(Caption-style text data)
|---|

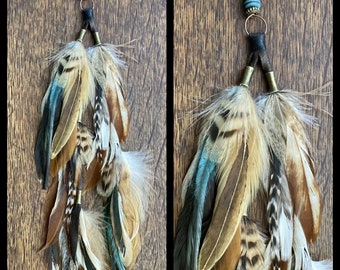 Long Feather Hair Extensions | Long Feather Earring | Feather Hair Clips | Real Feather Earrings/Boho Jewelry/Tribal Jewellery/OOAK Gifts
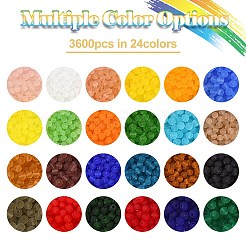 3600Pcs 24 Colors Transparent Glass Beads Strands&nbsp;EGLA-YW0003-13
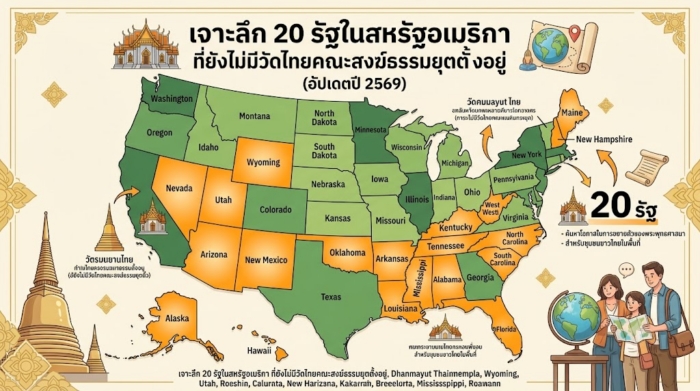 เจาะลึก 20 รัฐในสหรัฐอเมริกา ที่ยังไม่มีวัดไทยคณะสงฆ์ธรรมยุตตั้งอยู่ (อัปเดตปี 2569)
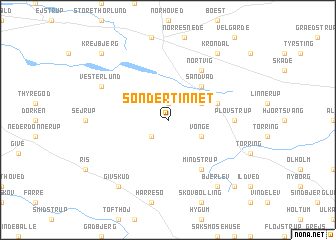 map of Sønder Tinnet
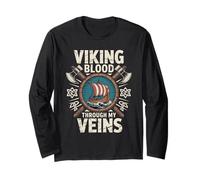 Il Sangue Vichingo scorre nelle Mie vene Mitologia norrena Valhalla Maglia a Manica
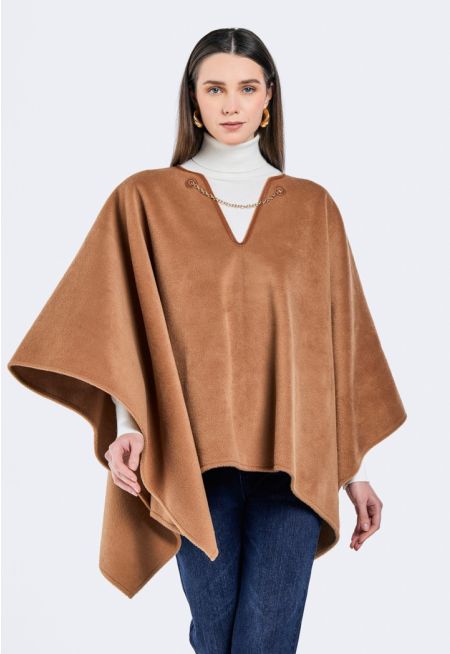 Chain Embellished Neck Poncho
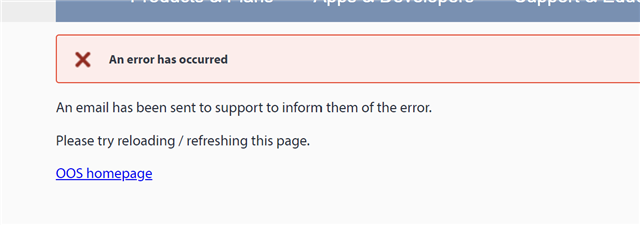 Error message on a webpage with a red error icon stating 'An error has occurred'. Instructions to reload the page and a link to the OOS homepage are provided.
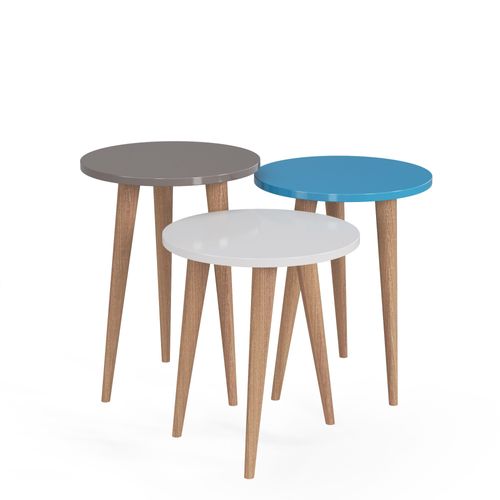 Tables Gigognes, Set De 3, Le Pied En Bois, Colorés (teak, Créme Et Turquoise)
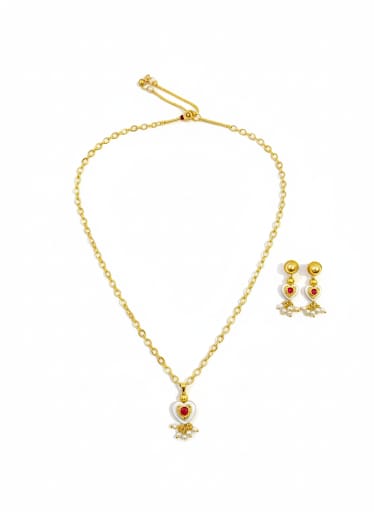 Elegant Gold-Toned Heart Pendant Necklace & Ruby Pearl Drop Earrings Set for Women
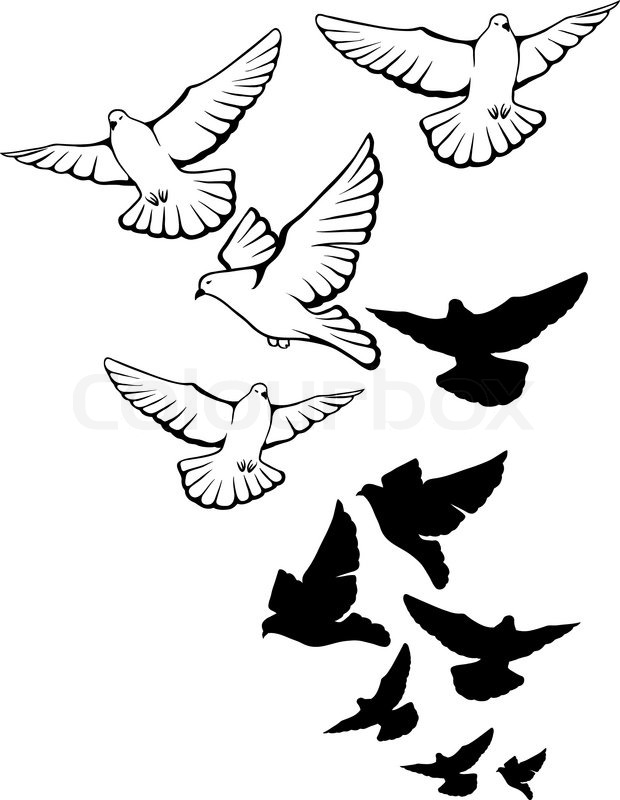 Black Flying Doves Tattoo Design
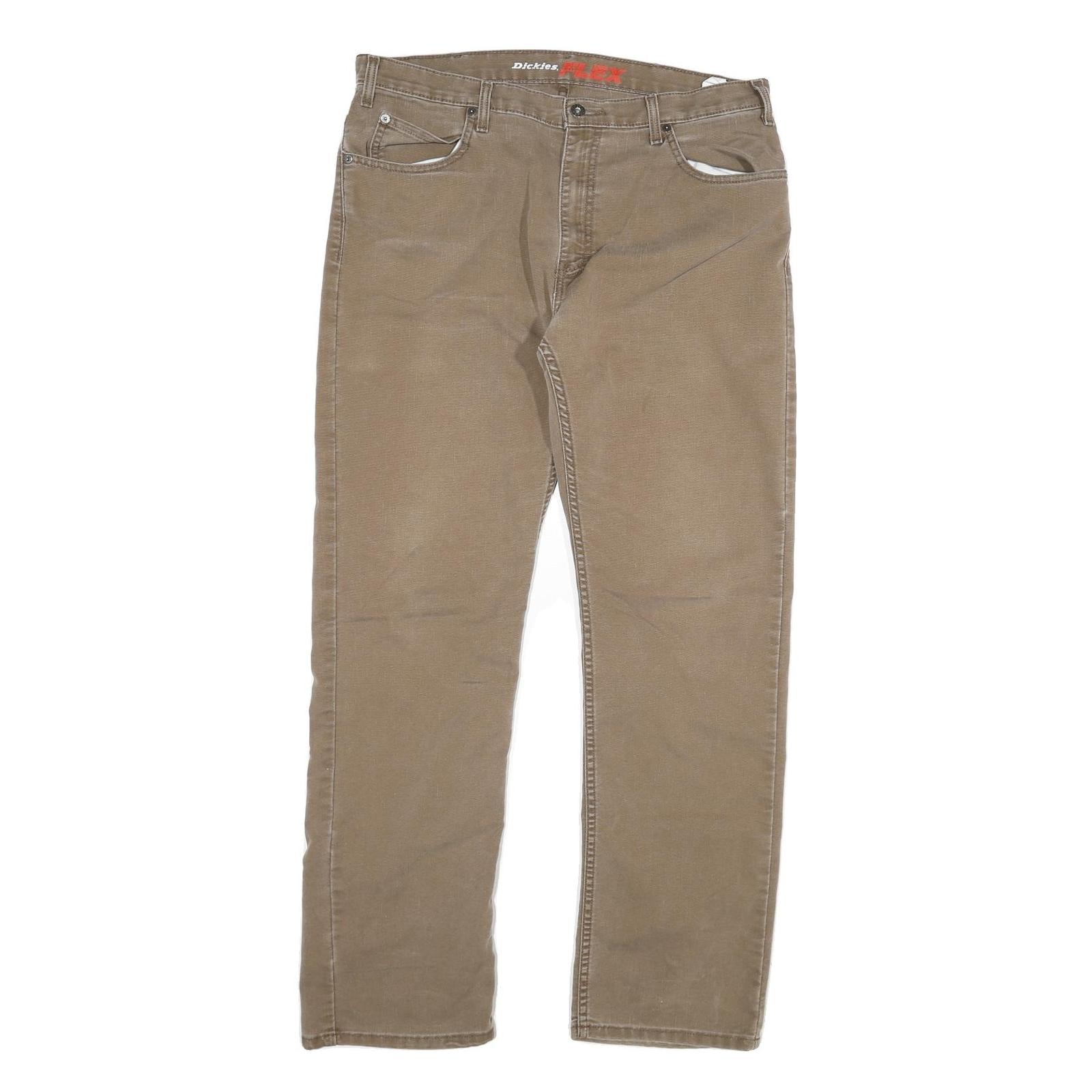 DICKIES Mens Cotton Blend Beige Regular Fit Straight Leg Trousers W36 L31 Refurbished - N/A refurbished available on Cerqular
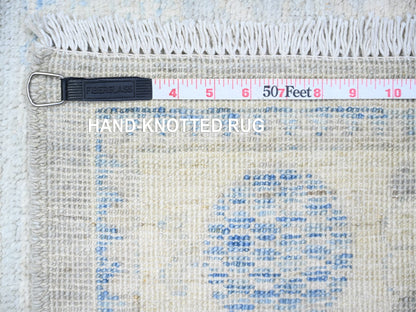 Khotan Khotan hand-knotted wool runner in Gray & Ivory, 3'11" x 12'1" — SKU O074877 (view 6)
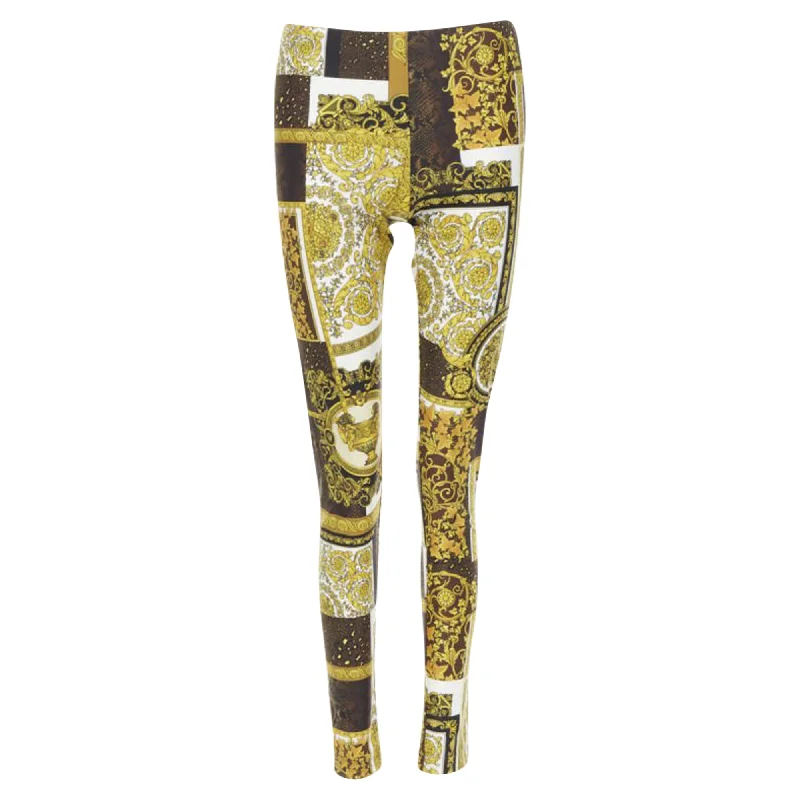 Versace Mosaic Barocco leather stretchy leggings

|---|

The problem:
Word for word, retype the lines from the one that contains "Tables Gigognes, Set" through the final line of the data, both ends included, excluding pictures.

Output:
 Tables Gigognes, Set De 3, Le Pied En Bois, Colorés (teak, Créme Et Turquoise)
 Elegant Gold-Toned Heart Pendant Necklace & Ruby Pearl Drop Earrings Set for Women
 Black Flying Doves Tattoo Design
 DICKIES Mens Cotton Blend Beige Regular Fit Straight Leg Trousers W36 L31 Refurbished - N/A refurbished available on Cerqular
 Khotan Khotan hand-knotted wool runner in Gray & Ivory, 3'11" x 12'1" — SKU O074877 (view 6)
 Versace Mosaic Barocco leather stretchy leggings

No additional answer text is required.